During prohibition, the Georgian was home to one of Los Angeles’ first speakeasies and soon became the rendezvous point for many up-and-coming Hollywood studio executives and celebrities including Clark Gable and Carole Lombard, who sought secluded weekends away from the cameras.
The oceanfront veranda provided a stage for martinis, jazz and notorious figures including Bugsy Siegel and Fatty Arbuckle. The hotel was considered to be one of the most modern facilities of the time, featuring a beauty parlor, barbershop, playground and dining room, in addition to its most popular speakeasy.
The primary reasons for the hotel’s popularity and success was the exclusive, secluded location.
Prohibition finally ended in December of the same year the hotel opened, and later, expansion dramatically occurred in the 1950s, as Los Angeles began to develop into a major metropolitan city.
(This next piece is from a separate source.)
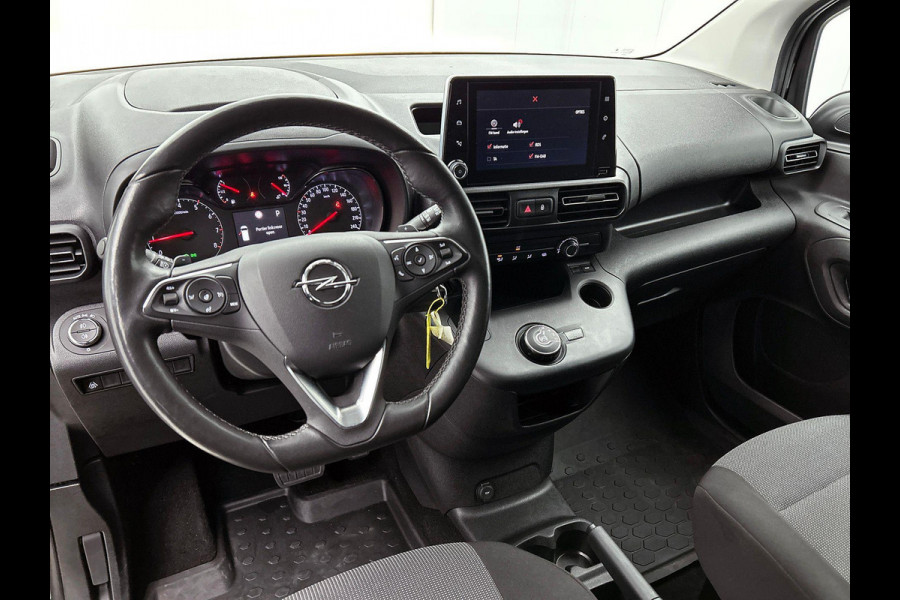 Opel Combo 1.5D L1H1 130pk Automaat Edition Airco Navigatie Apple Carplay/ Android Auto Trekhaak Betimmerd Cruise Control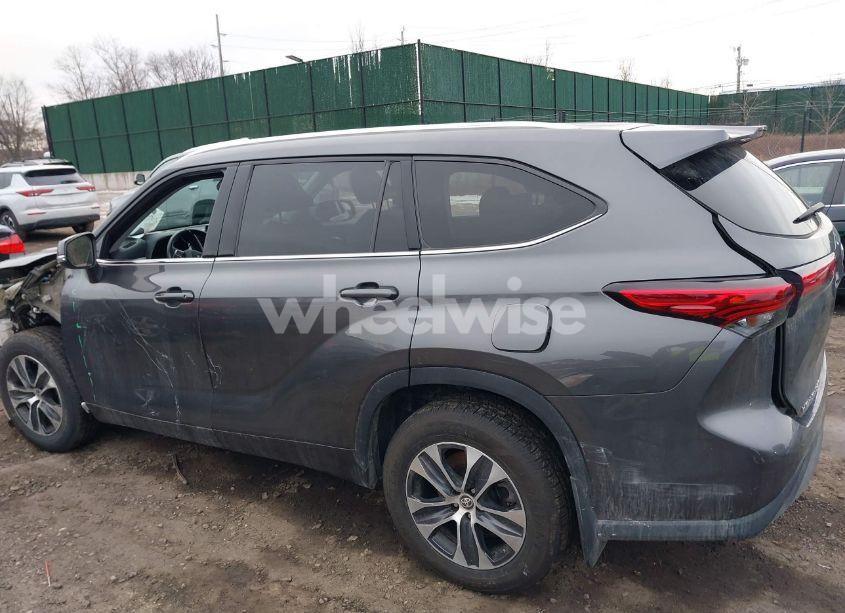 Photo 14 of 2021 Toyota Highlander XLE (VIN 5TDGZRBH6MS133358)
It was during this decade that the Georgian was sold and refurbished.
The property remained a favorite vacation residence for the new era of jet-setting Americans and Europeans. In the Spring of 2000, a $2 million renovation was completed which included the addition of numerous elegant amenities to the Georgian’s guest rooms, lobby, hallways, and meeting facilities.
Today the old hotel is surrounded by modern office buildings rather than pristine forests, but still continues to attract Hollywood celebrities such as Oliver Stone, Robert DeNiro, and Arnold Schwarzenegger.
And, according to legend, it continues to play host to a number of other unearthly guests, whether they be famous or infamous. In the hotel’s Speakeasy Restaurant, both staff and guests have reported a number of strange phenomena over the years. At many times when the restaurant is completely empty, employees have heard loud sighs, gasps, and have been startled by a disembodied voice who greets them with, “Good Morning.” At other times the sounds of running footsteps are heard throughout the restaurant when no one is there and a number of transparent apparitions have been seen.
So, perhaps if you stop to have a libation at the Speakeasy you’ll bump into none other than Robert DeNiro if you’re lucky, and if you’re not, you might “bump” into an unearthly presence for which you cannot see.
At any rate, it should be a fun look around at this vintage hotel, officially recognized by the City of Santa Monica as a historical landmark.